Magnetic moments of all the considered models arranged themselves in the two-dimensional NiO₂ planes and mainly localized on the Ni atoms. The total magnetic moment of the Nd₉Ni₉O₁₈ shrinks apparently with the Sr substitution for Nd atoms. According to the spin density distributions, the magnetic disordering of the Ni atoms is responsible for the magnetism decrease. While, from a perspective of spin-polarized band structures, it showed that the symmetry of the spin-up and spin-down energy bands around the Fermi levels also influence the total magnetic moments.

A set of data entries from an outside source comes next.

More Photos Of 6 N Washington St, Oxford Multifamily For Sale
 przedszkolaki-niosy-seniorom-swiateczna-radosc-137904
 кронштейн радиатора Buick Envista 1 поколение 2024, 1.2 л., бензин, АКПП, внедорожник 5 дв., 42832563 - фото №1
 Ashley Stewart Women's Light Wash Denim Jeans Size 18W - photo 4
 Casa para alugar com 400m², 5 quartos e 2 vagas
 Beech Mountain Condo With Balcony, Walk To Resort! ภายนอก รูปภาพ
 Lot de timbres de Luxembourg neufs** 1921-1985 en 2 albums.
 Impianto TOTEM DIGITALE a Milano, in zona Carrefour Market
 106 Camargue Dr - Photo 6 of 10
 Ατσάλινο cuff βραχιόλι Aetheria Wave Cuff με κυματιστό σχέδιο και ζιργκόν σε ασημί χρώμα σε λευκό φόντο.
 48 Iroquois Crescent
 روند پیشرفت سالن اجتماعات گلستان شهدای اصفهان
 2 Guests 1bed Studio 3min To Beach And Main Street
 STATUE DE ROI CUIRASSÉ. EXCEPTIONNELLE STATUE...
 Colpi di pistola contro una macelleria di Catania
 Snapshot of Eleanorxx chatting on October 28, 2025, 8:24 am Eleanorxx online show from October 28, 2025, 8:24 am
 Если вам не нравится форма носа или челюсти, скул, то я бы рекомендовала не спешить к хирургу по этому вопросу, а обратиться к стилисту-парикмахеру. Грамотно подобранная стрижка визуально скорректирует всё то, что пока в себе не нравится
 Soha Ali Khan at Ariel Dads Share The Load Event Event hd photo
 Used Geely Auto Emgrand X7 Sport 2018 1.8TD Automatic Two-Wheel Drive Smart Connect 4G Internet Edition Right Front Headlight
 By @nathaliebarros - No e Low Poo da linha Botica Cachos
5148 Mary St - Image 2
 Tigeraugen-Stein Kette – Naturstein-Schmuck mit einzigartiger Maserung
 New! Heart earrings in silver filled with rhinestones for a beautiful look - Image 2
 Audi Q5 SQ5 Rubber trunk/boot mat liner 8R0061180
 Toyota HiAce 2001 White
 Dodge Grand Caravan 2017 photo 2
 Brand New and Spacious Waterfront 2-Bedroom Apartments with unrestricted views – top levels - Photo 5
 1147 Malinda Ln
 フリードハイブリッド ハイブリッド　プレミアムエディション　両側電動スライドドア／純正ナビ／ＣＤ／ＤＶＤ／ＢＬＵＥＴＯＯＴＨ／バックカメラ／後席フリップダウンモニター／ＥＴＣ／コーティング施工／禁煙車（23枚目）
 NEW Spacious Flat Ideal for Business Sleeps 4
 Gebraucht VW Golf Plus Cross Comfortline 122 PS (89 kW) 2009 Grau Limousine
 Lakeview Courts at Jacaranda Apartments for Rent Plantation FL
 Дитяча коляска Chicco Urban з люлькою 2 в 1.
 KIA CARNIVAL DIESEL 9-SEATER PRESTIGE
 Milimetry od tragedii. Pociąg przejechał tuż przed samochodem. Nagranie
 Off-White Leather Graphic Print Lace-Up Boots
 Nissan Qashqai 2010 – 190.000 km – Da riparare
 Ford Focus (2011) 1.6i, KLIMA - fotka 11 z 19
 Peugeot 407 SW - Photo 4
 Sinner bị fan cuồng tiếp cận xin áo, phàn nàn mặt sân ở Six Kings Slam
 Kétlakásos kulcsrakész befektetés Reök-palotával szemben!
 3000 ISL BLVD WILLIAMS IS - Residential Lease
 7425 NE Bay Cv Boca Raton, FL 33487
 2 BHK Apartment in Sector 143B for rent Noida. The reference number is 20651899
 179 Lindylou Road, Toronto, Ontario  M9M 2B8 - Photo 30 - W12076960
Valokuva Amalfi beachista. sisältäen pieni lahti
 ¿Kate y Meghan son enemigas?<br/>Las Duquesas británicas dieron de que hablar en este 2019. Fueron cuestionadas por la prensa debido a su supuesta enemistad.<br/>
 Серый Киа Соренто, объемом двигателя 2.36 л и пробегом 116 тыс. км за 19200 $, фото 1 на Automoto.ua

Considering the DOS and energy bands comprehensively, band couple primarily act as the hybridization among the $\{\mathrm{Ni},\mathrm{Nd}\}\text{-}(d_{z^2})$, $\mathrm{Ni} (d_{{\mathrm{x}}^2{-\mathrm{y}}^2})$, and $\mathrm{Ni}(d_{xz},d_{yz})$ orbitals near the Fermi levels. $\mathrm{Ni} (d_{{\mathrm{x}}^2{-\mathrm{y}}^2})$ is the main orbital intersecting the Fermi level. Energy order is generally arranged as follows: $\{\mathrm{Ni},\mathrm{Nd}\}\text{-}(d_{z^2})>\mathrm{Ni}(d_{x^2-y^2})>\mathrm{Ni}(d_{xz},d_{yz})$. Meanwhile, it showed that electrons of Sr atoms tend to locate locally and hybridize weakly with the O atoms. They primarily help to build the infinite-layer structures, and influence the electronic structure near the Fermi level indirectly. It results in the uplift of $\mathrm{Ni} (d_{{\mathrm{x}}^2{-\mathrm{y}}^2})$ and $\mathrm{O} \left(p_{\mathrm{x}}, p_{\mathrm{y}}\right)$ orbitals around the Fermi levels. Bader charge analysis indicated that the average charge of the Ni atom is approximately +1. Both the Ni and O atoms lose electrons with the increasing substitution of Sr atoms. This study is useful for understanding the mechanism of high-temperature superconductivity. The progress in comprehending the mechanism of superconductivity may surge with the aim of conceiving potential room-temperature superconductors.